You can imagine pain, empathize, think of how different sorts of heartache would feel to bare. How it might fester inside of you, weighing down and crushing the vital parts of us we need to keep moving. Pain can feel like a disease, one that rots us from the inside out.

Pain can be blanketed with substances or distractions. Pain can be buried deep enough that we're able to smile until the roots start to wrap themselves around our hearts and squeeze until we have no choice but to dig it all back up.

I've been hurt before. Friends have lied, girlfriends have cheated on me, I've had to bury a beloved pet. Nico, the hamster I was so adamant would live forever. He did well, but old age comes for all of us.

There was something unique about the pain worming itself down into the base of my stomach these days.

Whenever Kinsley looked at me, her smile a bit smaller, her eyes a bit more guarded, I felt winded. Of course I was grateful she was still alive and things could have been worse when she hit her head. But the love of my life looking at me as if I'm a stranger was one of the most gut wrenching things I have ever been through.

We had plans. We were engaged, building a home, getting dogs. I meant it when I told her we'd start over and we'd go as slow as she needed, it didn't mean I wasn't desperate for that ring to go back on her finger.

I sat on the steps outside of the rink.

Somewhere behind the thick dark clouds was sunshine, I caught the occasional glow of it when the wind shifted. I was fucking freezing but I needed air in my lungs before I got back on the team bus this evening.

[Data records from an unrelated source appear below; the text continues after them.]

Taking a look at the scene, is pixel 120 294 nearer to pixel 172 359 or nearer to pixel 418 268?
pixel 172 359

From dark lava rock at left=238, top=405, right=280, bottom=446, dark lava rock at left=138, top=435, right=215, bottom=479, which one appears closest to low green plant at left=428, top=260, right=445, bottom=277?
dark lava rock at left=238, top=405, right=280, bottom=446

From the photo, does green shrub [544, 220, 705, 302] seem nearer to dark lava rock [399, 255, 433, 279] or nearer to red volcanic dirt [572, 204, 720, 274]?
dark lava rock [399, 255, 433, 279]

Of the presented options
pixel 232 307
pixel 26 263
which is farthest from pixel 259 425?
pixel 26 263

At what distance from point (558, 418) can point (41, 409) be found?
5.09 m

Practice ended a while ago, I'd made a coffee, walked outside and got a phone call from Ash asking if I was going to be home for Halloween. Ash was big into her spook fests. She decked out her apartment, hired caterers, ghouled herself out so she was the best dressed. I had to admit, the events were a good time but I had to be in Seattle on the first of November.

She was disappointed to hear I couldn't commit but I didn't make it more often than I did.

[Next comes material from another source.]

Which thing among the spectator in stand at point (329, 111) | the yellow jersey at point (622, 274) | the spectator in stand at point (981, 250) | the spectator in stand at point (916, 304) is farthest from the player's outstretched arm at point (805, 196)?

"You look like you're about to kick someone in the teeth," Lei walked past me, skipping down a few steps and leaned on the metal arm rail, watching me.

"I just hate being this far from Kins," I admitted, turning my phone over and over in my hands. We had a flight into Colorado later tonight and then we were straight back here to Alberta for our match against Edmonton. Two days later we'd be in Vegas.

All of the travelling had never bothered me like this before. I'd never felt homesick but now I was homesick for her. It was killing me not to text her and ask how she's doing every five seconds. To beg her to follow me and forget about a job if it meant I could wake up beside her in these fucking hotel rooms I was sick of seeing.

Lei tapped the arm rail, the ping of metal echoing in the parking lot. "Things are going well, right? You two seem good."

"Things are good. Great," I blew out a breath and palmed my jaw. "I miss her so fucking much. She was supposed to be here, we were supposed to be doing this together. It's just hard."